__Data under study__.
::::

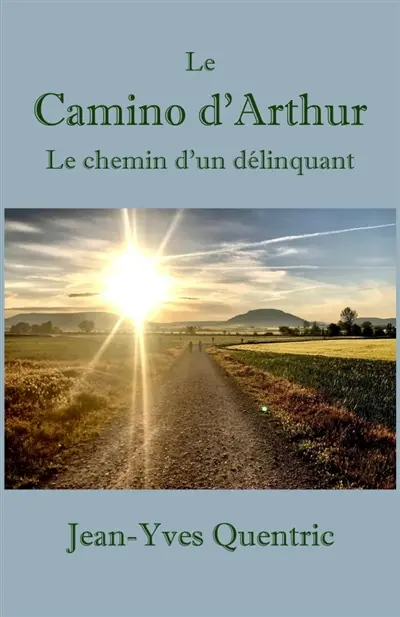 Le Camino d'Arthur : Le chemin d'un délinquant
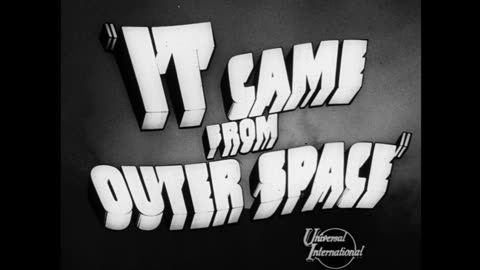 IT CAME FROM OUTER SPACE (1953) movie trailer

::::

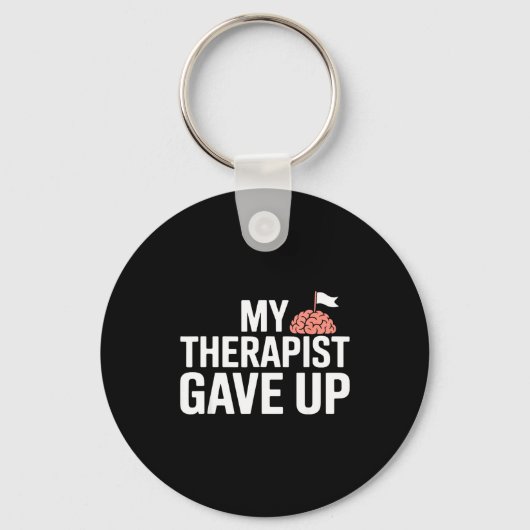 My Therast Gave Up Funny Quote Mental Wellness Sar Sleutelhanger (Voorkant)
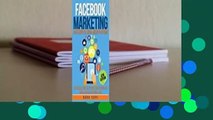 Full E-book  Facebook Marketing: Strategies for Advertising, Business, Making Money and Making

::::

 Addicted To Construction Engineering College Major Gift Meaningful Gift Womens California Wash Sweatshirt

::::

__Prompt__.
In the listing above, find the line containing "Le Camino d'Arthur" and the line containing "IT CAME FROM", then output those two lines and everything between them exactly as written, without the images.

__Solution to this task__.
 Le Camino d'Arthur : Le chemin d'un délinquant
 IT CAME FROM OUTER SPACE (1953) movie trailer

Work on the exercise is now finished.